• **Aim of the task**
In the entries that follow, find the line containing "Grup köpek sahilde" and the line containing "La collina delle fonti", then copy exactly everything from the first through the second except the pictures.

• **Material shown**
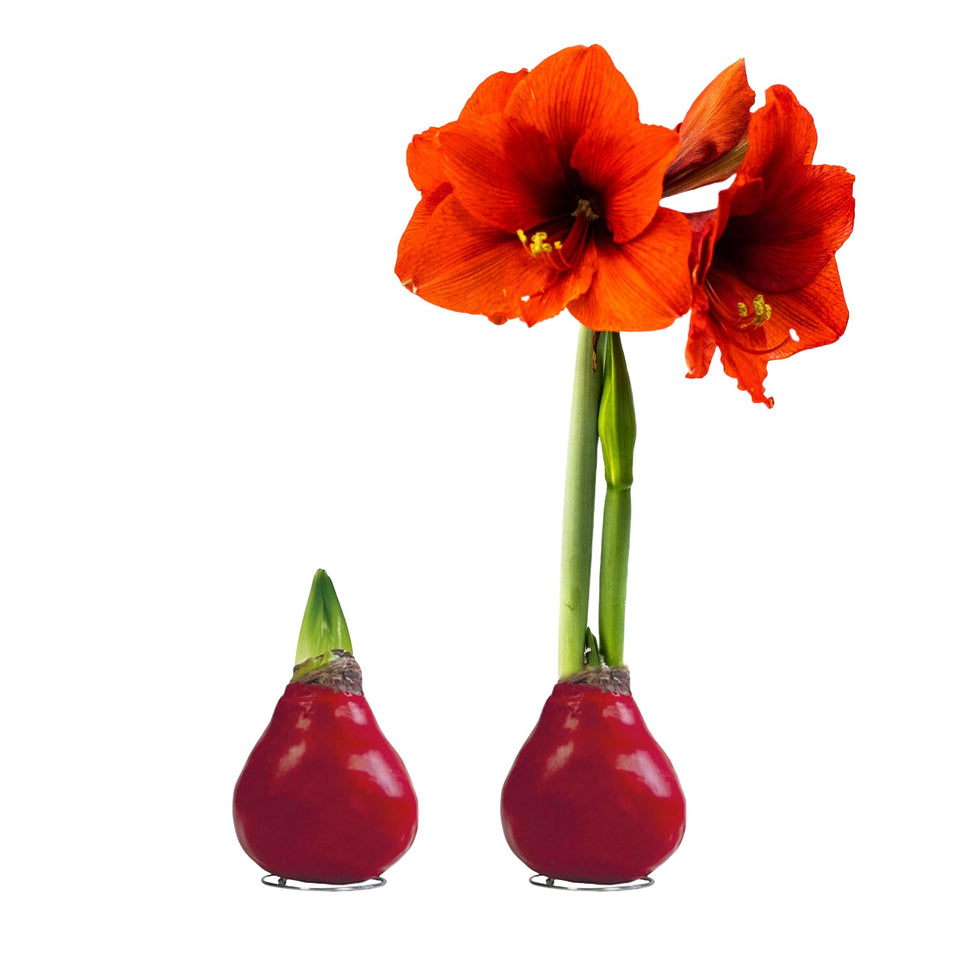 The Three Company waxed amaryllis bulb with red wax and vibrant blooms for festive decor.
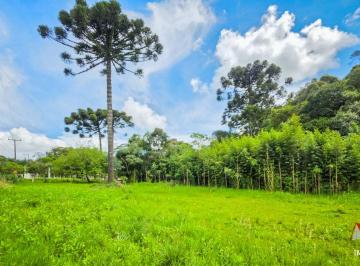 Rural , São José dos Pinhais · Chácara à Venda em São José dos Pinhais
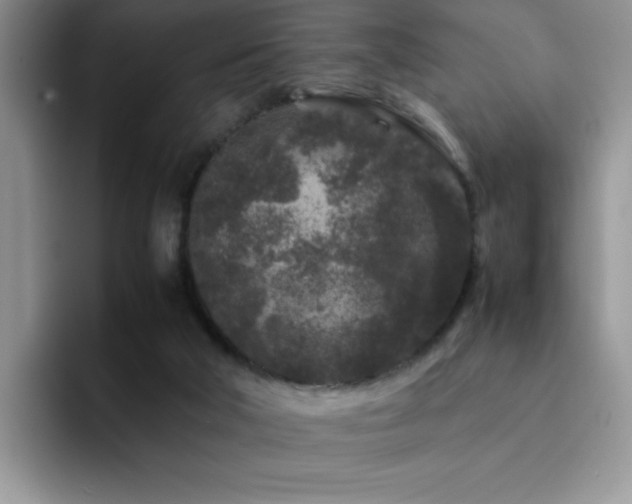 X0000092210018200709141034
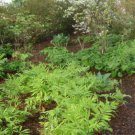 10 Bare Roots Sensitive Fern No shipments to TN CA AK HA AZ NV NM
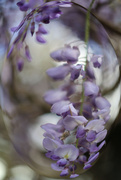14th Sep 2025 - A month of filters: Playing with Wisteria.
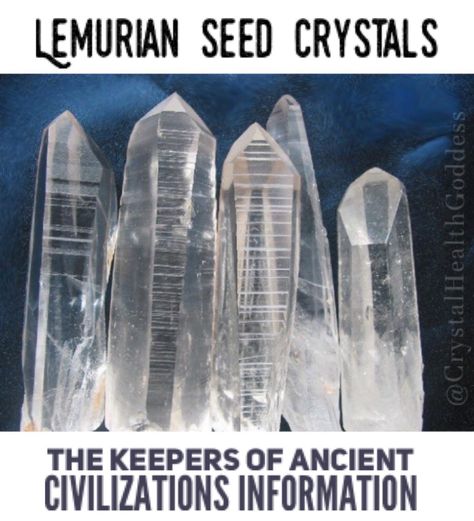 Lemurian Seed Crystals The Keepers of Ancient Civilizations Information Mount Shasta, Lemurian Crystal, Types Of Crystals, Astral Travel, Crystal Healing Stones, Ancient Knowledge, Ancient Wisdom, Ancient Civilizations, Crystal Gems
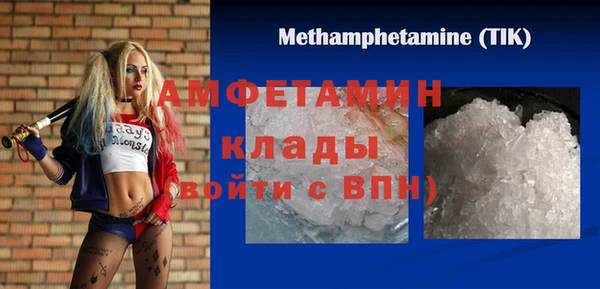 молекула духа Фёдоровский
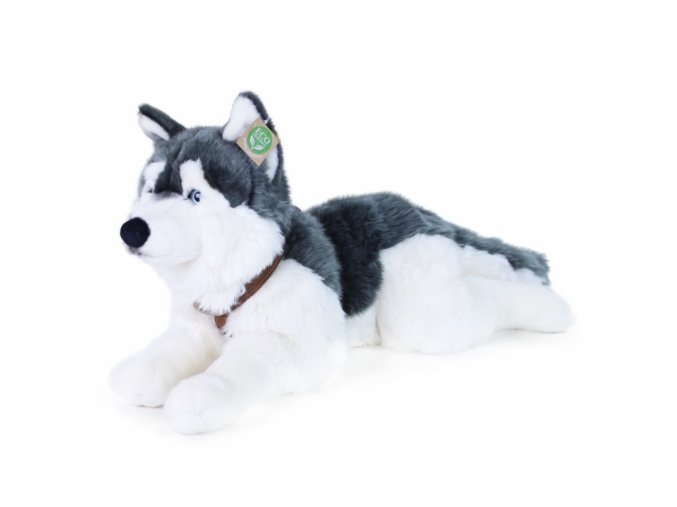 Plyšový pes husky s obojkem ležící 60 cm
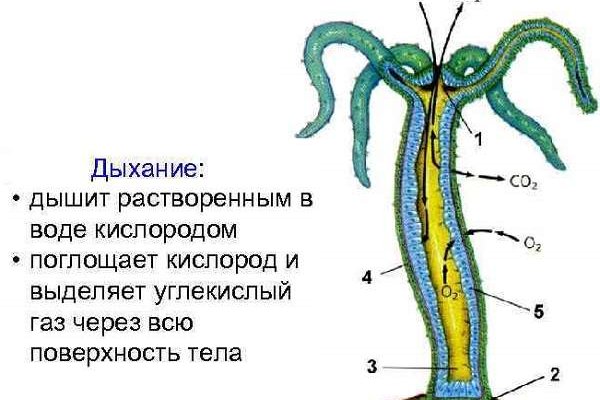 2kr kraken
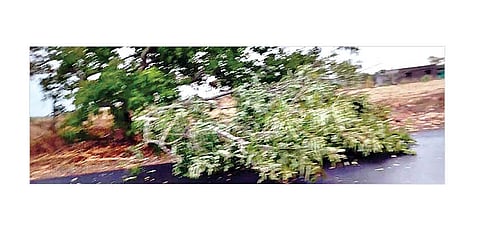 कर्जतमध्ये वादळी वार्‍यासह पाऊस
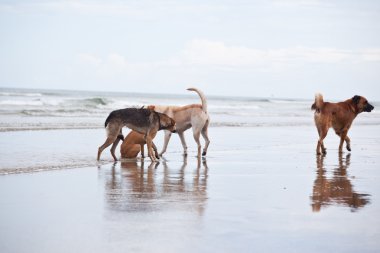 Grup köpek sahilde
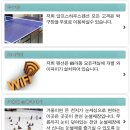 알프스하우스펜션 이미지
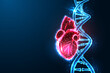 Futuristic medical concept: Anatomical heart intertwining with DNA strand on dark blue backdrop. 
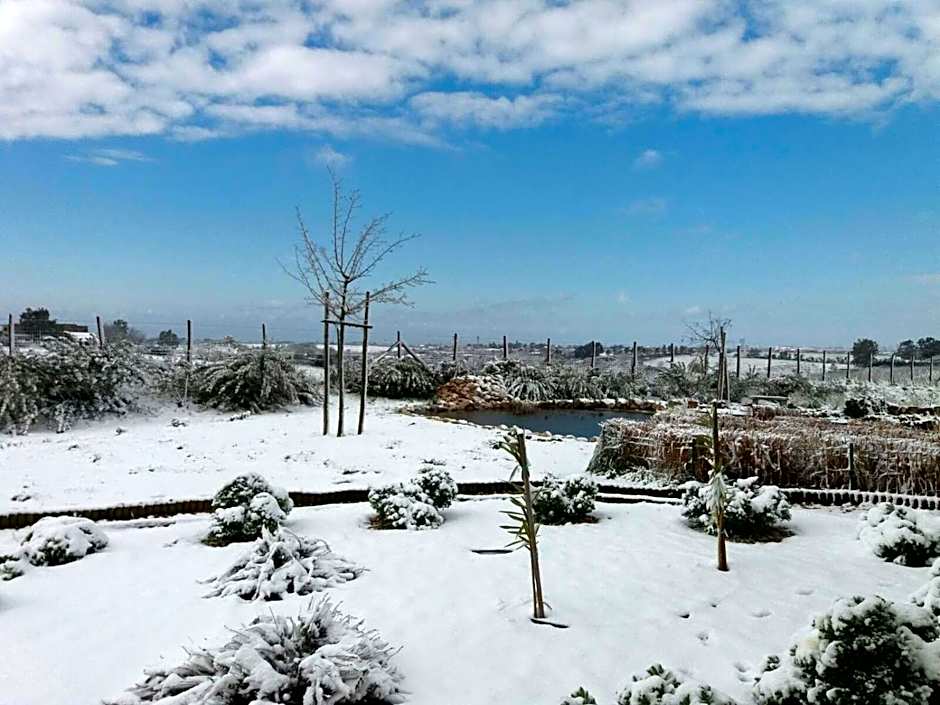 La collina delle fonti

---

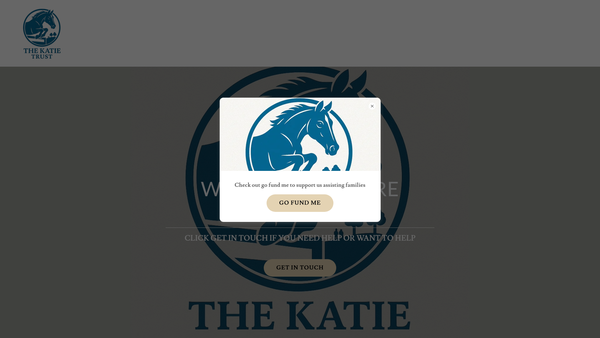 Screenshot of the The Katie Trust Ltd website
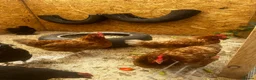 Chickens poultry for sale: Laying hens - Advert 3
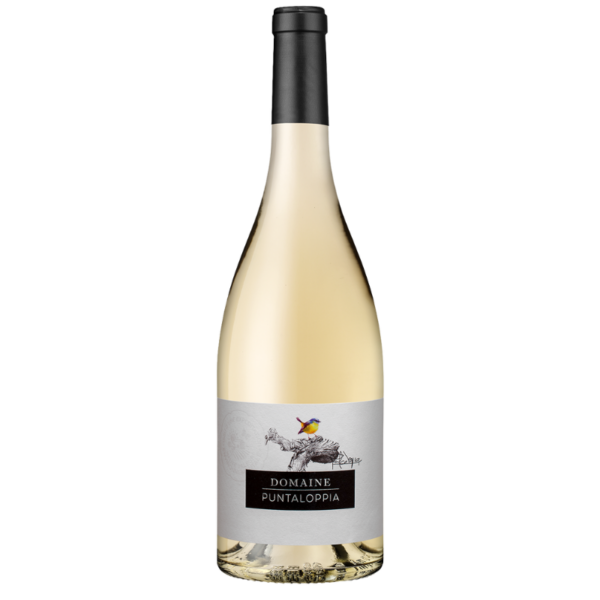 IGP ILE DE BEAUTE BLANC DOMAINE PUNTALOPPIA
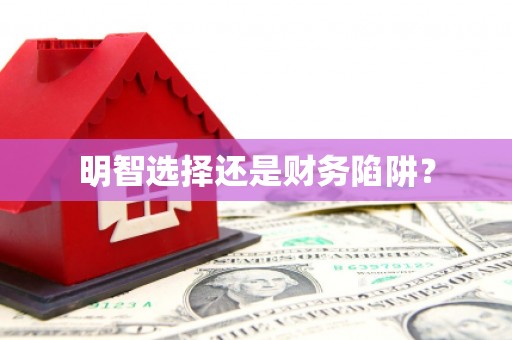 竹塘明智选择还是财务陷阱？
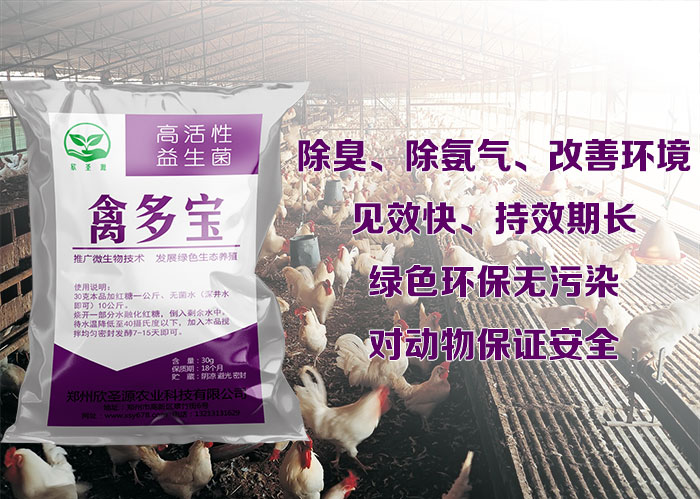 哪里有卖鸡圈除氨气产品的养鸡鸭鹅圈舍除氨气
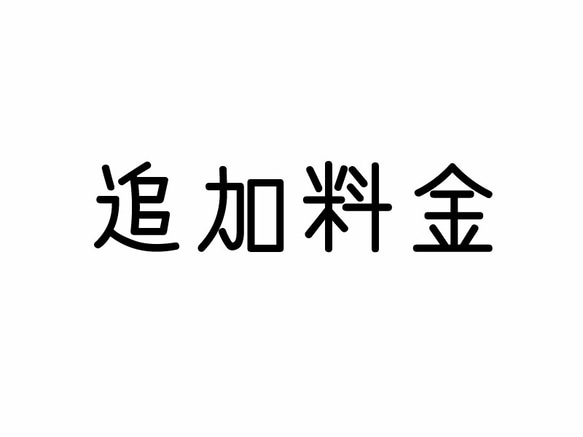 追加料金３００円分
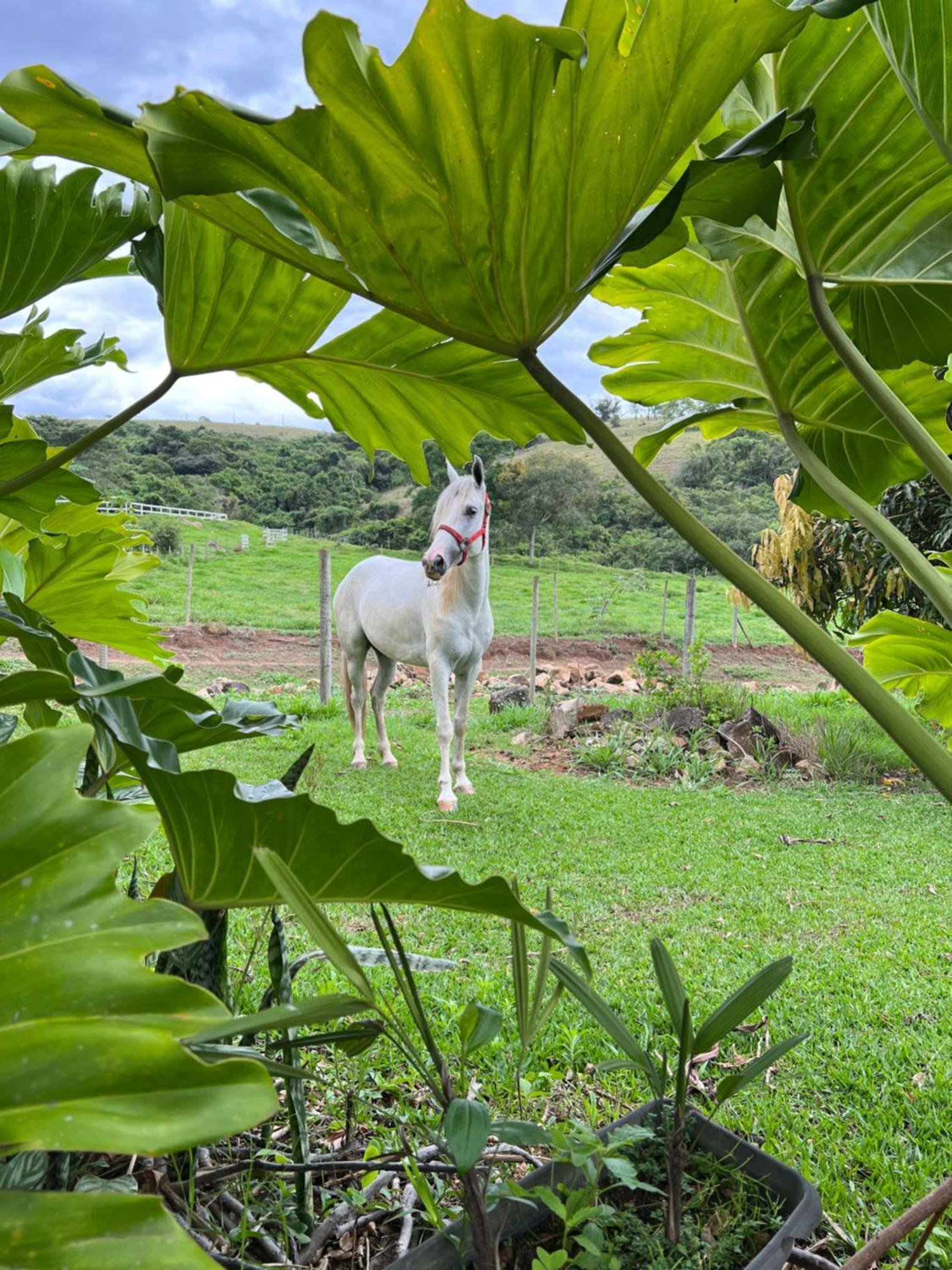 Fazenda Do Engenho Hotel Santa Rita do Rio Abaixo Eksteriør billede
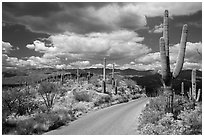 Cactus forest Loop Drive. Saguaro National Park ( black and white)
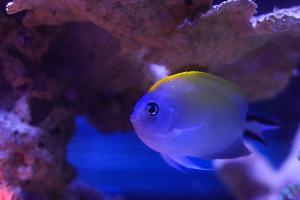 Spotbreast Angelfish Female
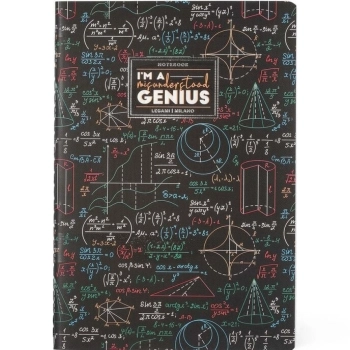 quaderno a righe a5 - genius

--

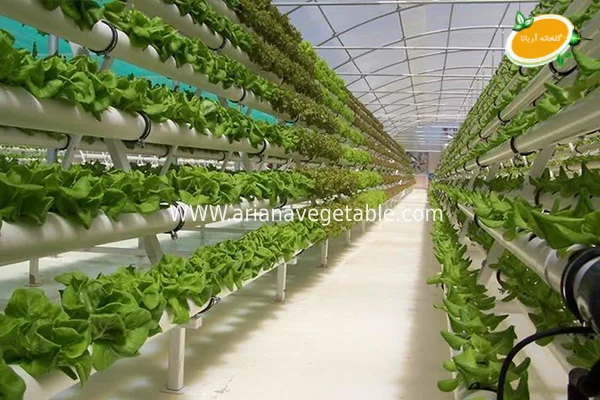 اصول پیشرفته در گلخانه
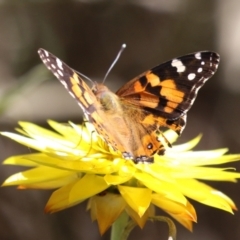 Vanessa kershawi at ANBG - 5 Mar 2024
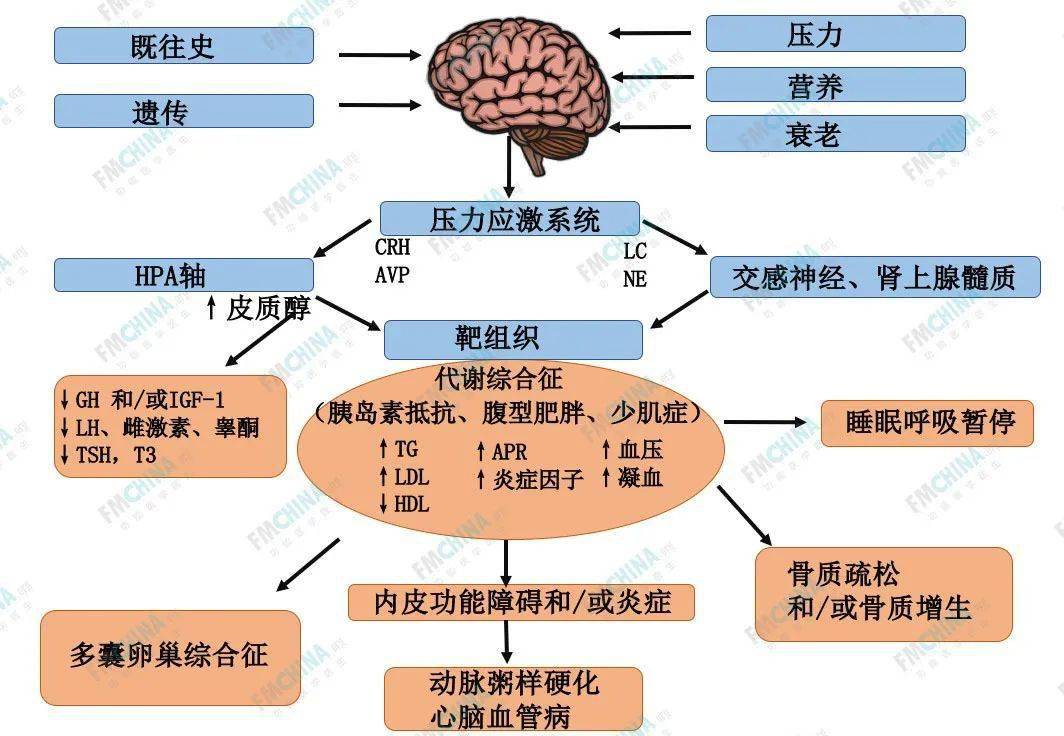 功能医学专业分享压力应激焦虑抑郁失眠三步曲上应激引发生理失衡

• **The completed task**
 Grup köpek sahilde
 알프스하우스펜션 이미지
 Futuristic medical concept: Anatomical heart intertwining with DNA strand on dark blue backdrop. 
 La collina delle fonti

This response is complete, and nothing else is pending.